◆ **Problem**
Keep the images out while you set down the data exactly.

─── Data listing

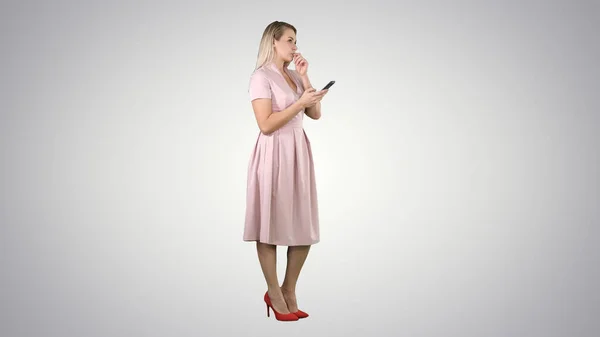 金发少女，带着粉色短信，带着梯度背景的智能手机. — 图库照片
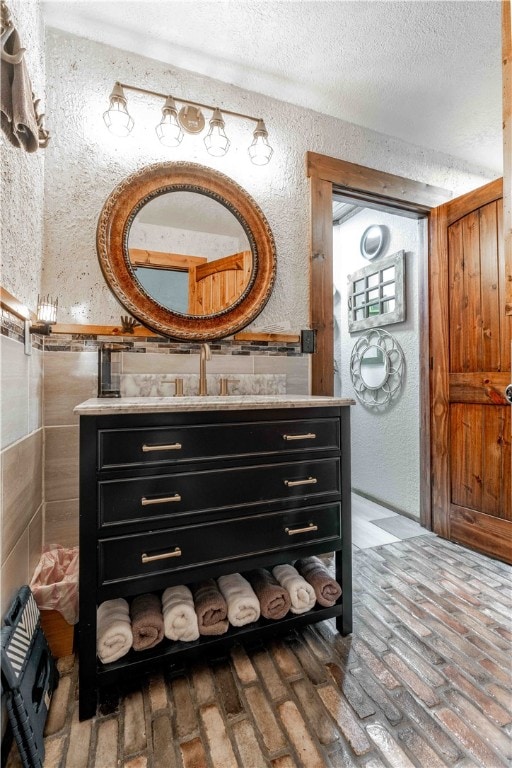 bathroom featuring vanity and a textured ceiling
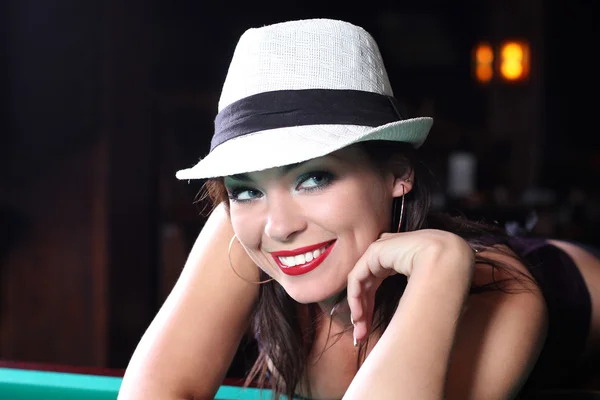 Портрет сексуальной девушки в белой шляпе, лежащей на столе для — стоковое фото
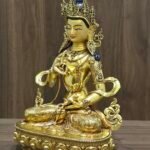 Right three-quarter view of Vajrasattva (Dorje Sempa) statue, 24K gold-plated copper with gem-set ornaments and flowing ribbon motifs.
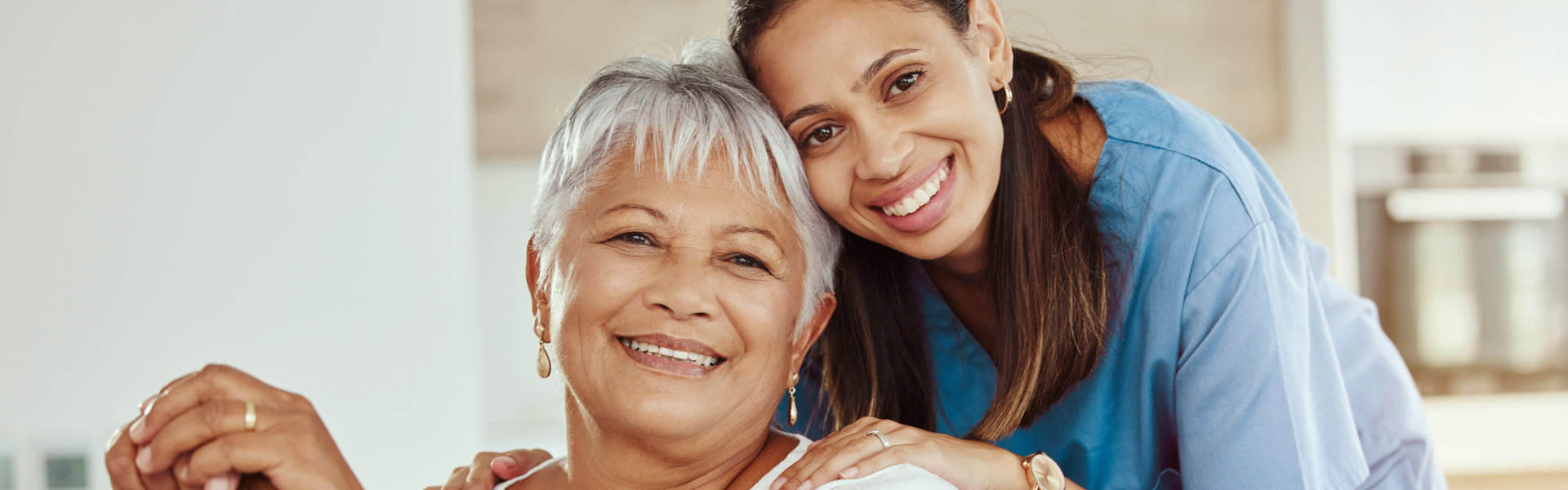 an elderly woman sitting and a female caregiver smiling together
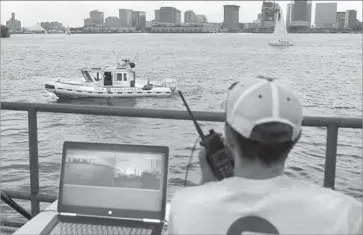  ?? Steven Senne Associated Press ?? COMPUTER SCIENTIST Mohamed Saad Ibn Seddik uses a laptop last month to guide a boat outfitted with sensors and self-navigating software and capable of autonomous navigation in Boston Harbor.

──────

◆ **Result for this task**
 金发少女，带着粉色短信，带着梯度背景的智能手机. — 图库照片
 bathroom featuring vanity and a textured ceiling
 Портрет сексуальной девушки в белой шляпе, лежащей на столе для — стоковое фото
 Right three-quarter view of Vajrasattva (Dorje Sempa) statue, 24K gold-plated copper with gem-set ornaments and flowing ribbon motifs.
 an elderly woman sitting and a female caregiver smiling together
  ?? Steven Senne Associated Press ?? COMPUTER SCIENTIST Mohamed Saad Ibn Seddik uses a laptop last month to guide a boat outfitted with sensors and self-navigating software and capable of autonomous navigation in Boston Harbor.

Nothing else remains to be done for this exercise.